→ **Data for this task**:
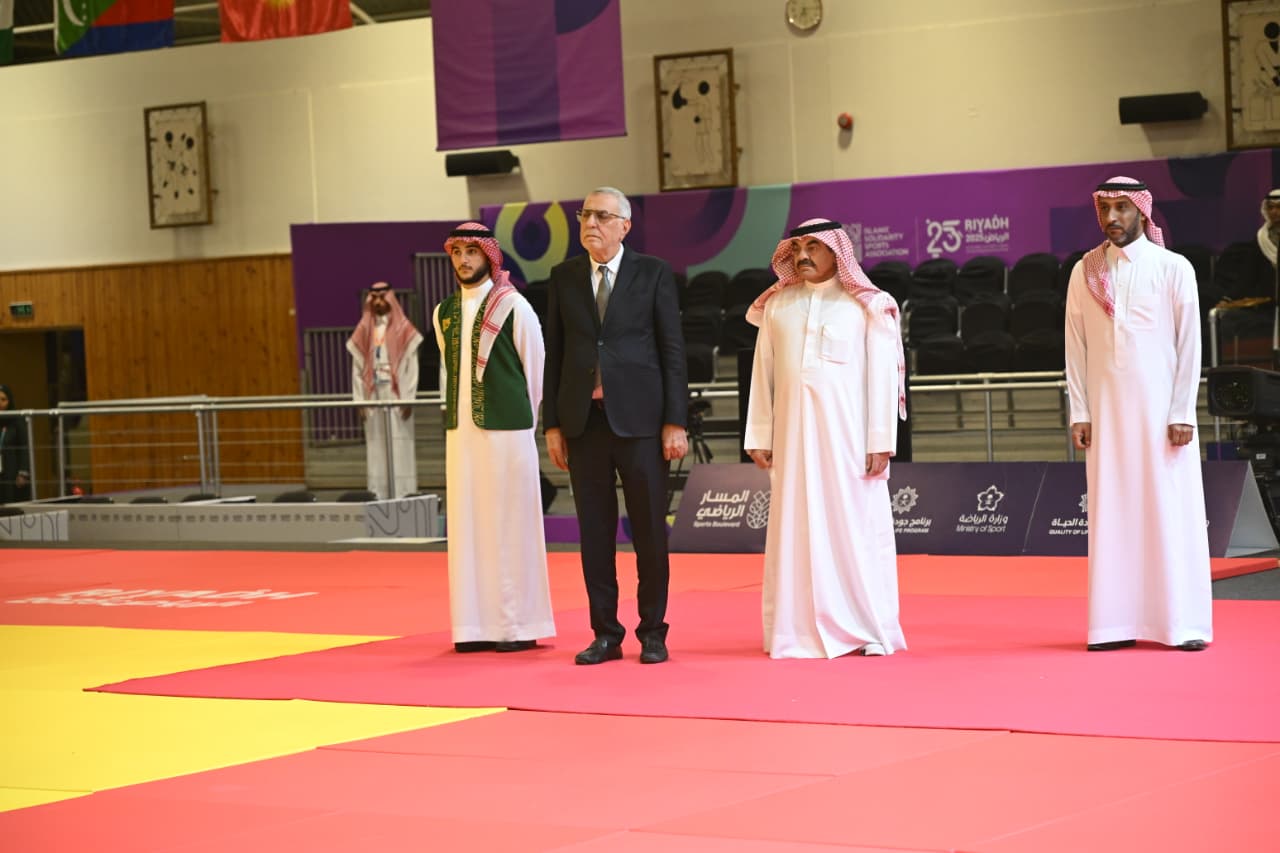 Çingiz Hüseynzadə mükafatlandırma mərasimində iştirak edib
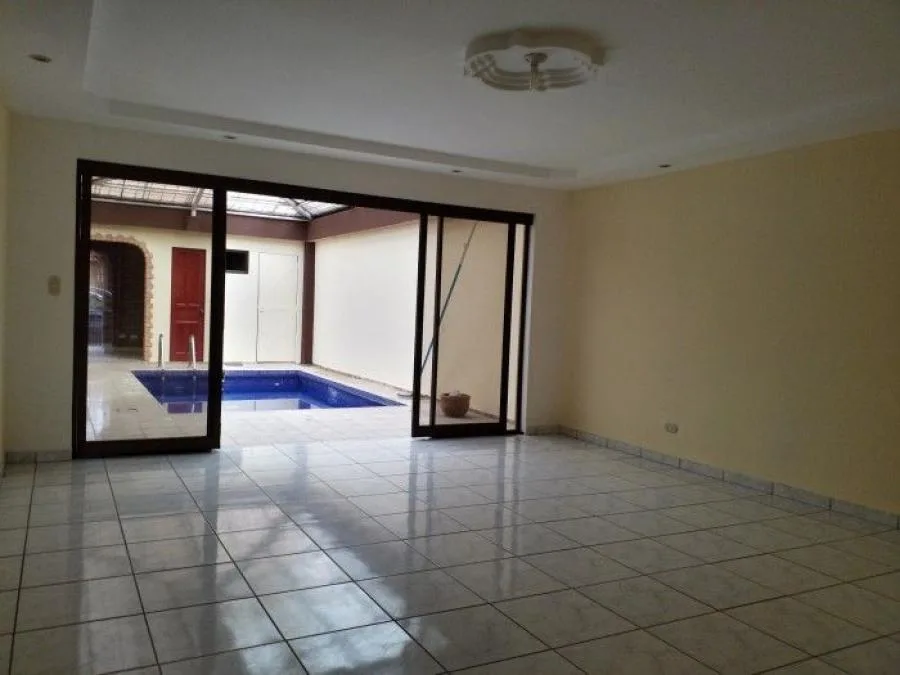 Hermosa Casa En Venta Urbanizacion La Trinidad Alajuela; Idi: 93805 - Venta en Alajuela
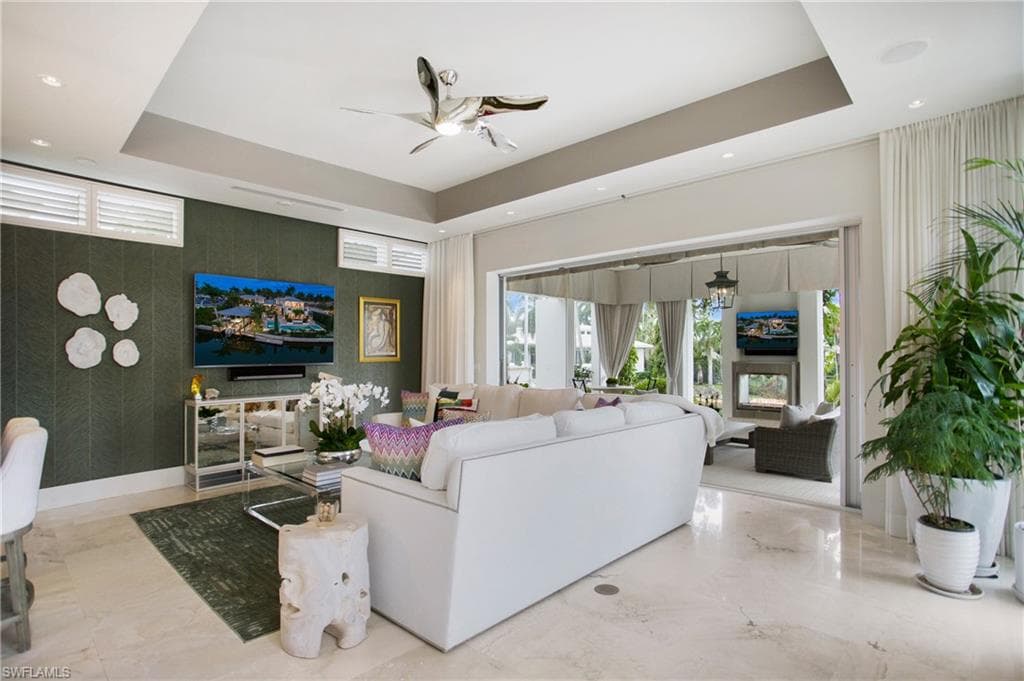 2290 Tarpon Rd, Naples, FL 34102-28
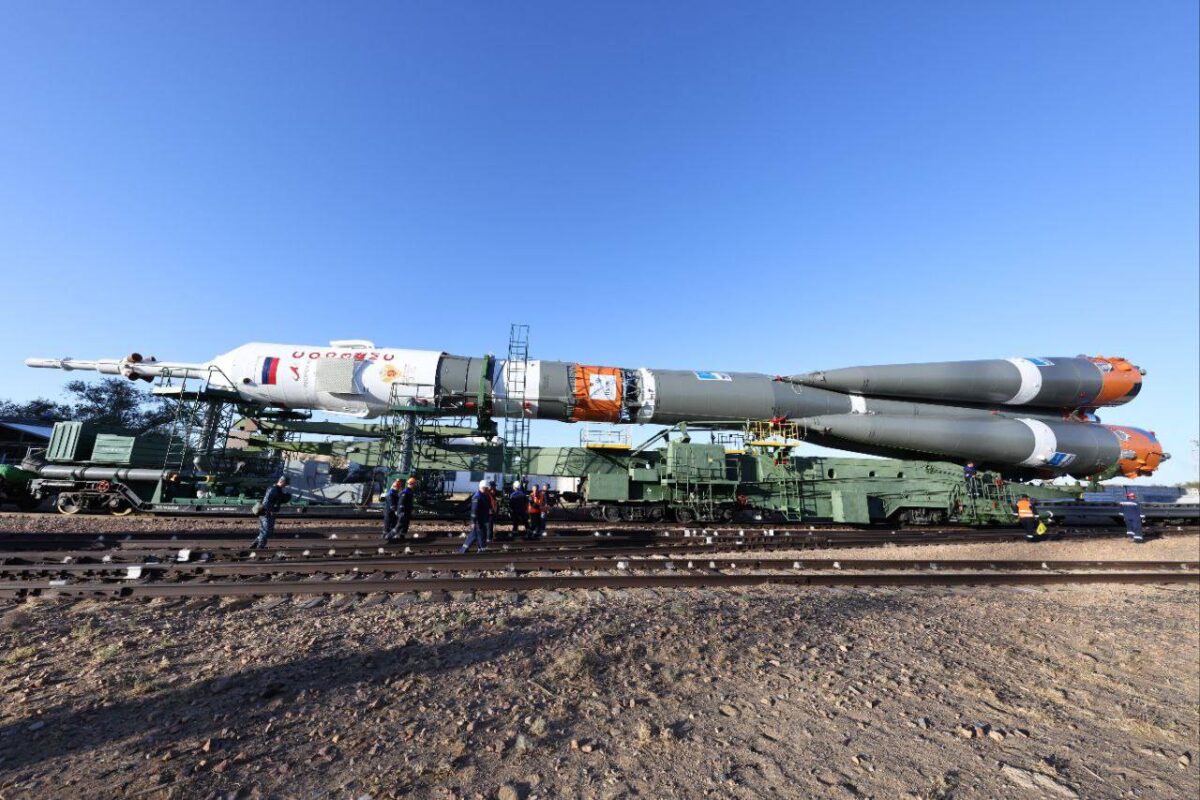 Ракета-носител Союз-2.1а с пилотиран кораб Союз МС-22 бе изведена на стартовата площадка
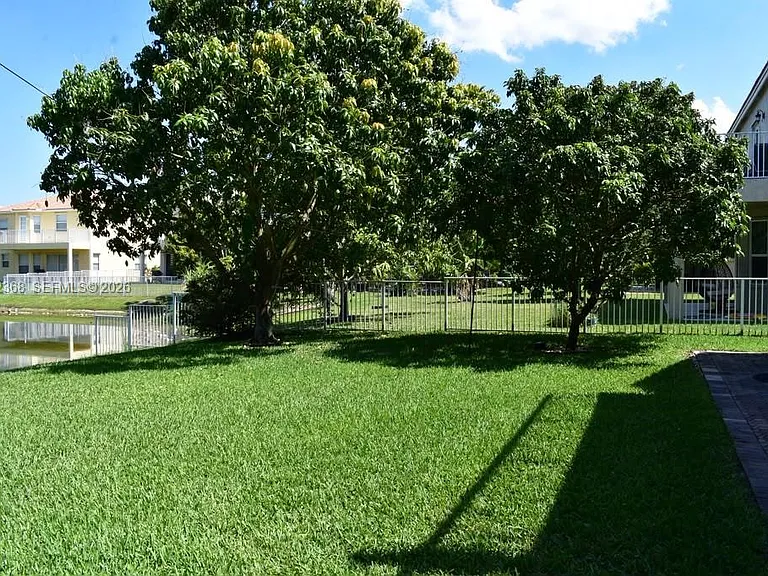 5273 SW 158th Ave — Photo 43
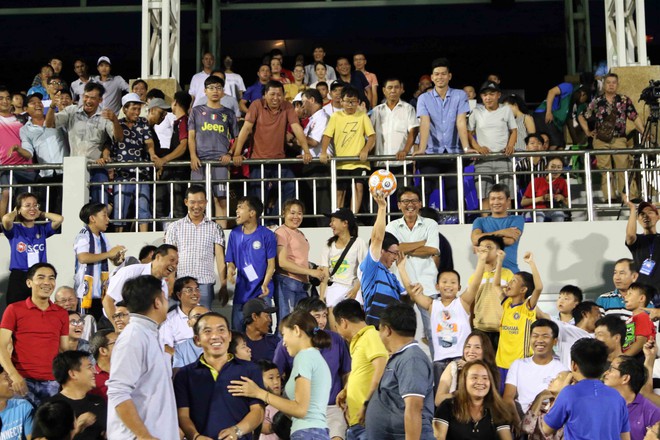 S&ocirc;i động, hấp dẫn ng&agrave;y khai mạc giải hạng Nh&igrave; Quốc gia 2019 - Ảnh 7.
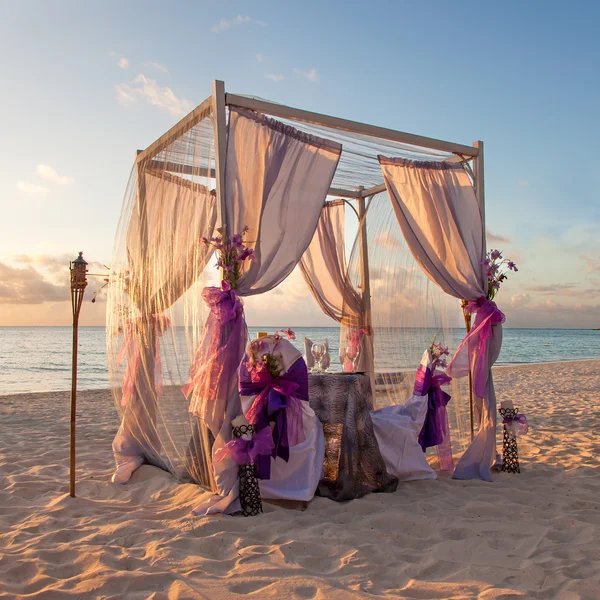 Mesa de casamento romântico em Sandy Tropical Caribbean Beach em Suns — Fotografia de Stock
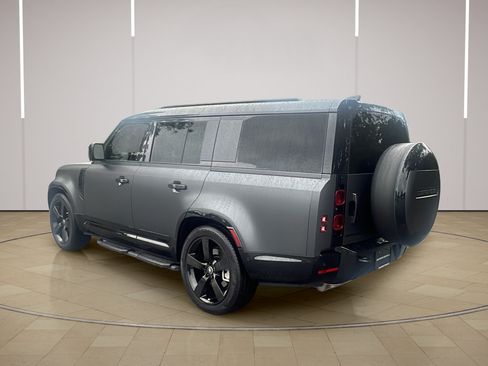 Used 2025 Land Rover Defender 130 X-Dynamic SE AWD/4WD image 3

→ **What is needed**: Retype exactly the lines from the line containing "S&ocirc;i động, hấp" through the end of the entries above, including both ends, and leave every picture out.

→ **Solved exercise**:
 S&ocirc;i động, hấp dẫn ng&agrave;y khai mạc giải hạng Nh&igrave; Quốc gia 2019 - Ảnh 7.
 Mesa de casamento romântico em Sandy Tropical Caribbean Beach em Suns — Fotografia de Stock
 Used 2025 Land Rover Defender 130 X-Dynamic SE AWD/4WD image 3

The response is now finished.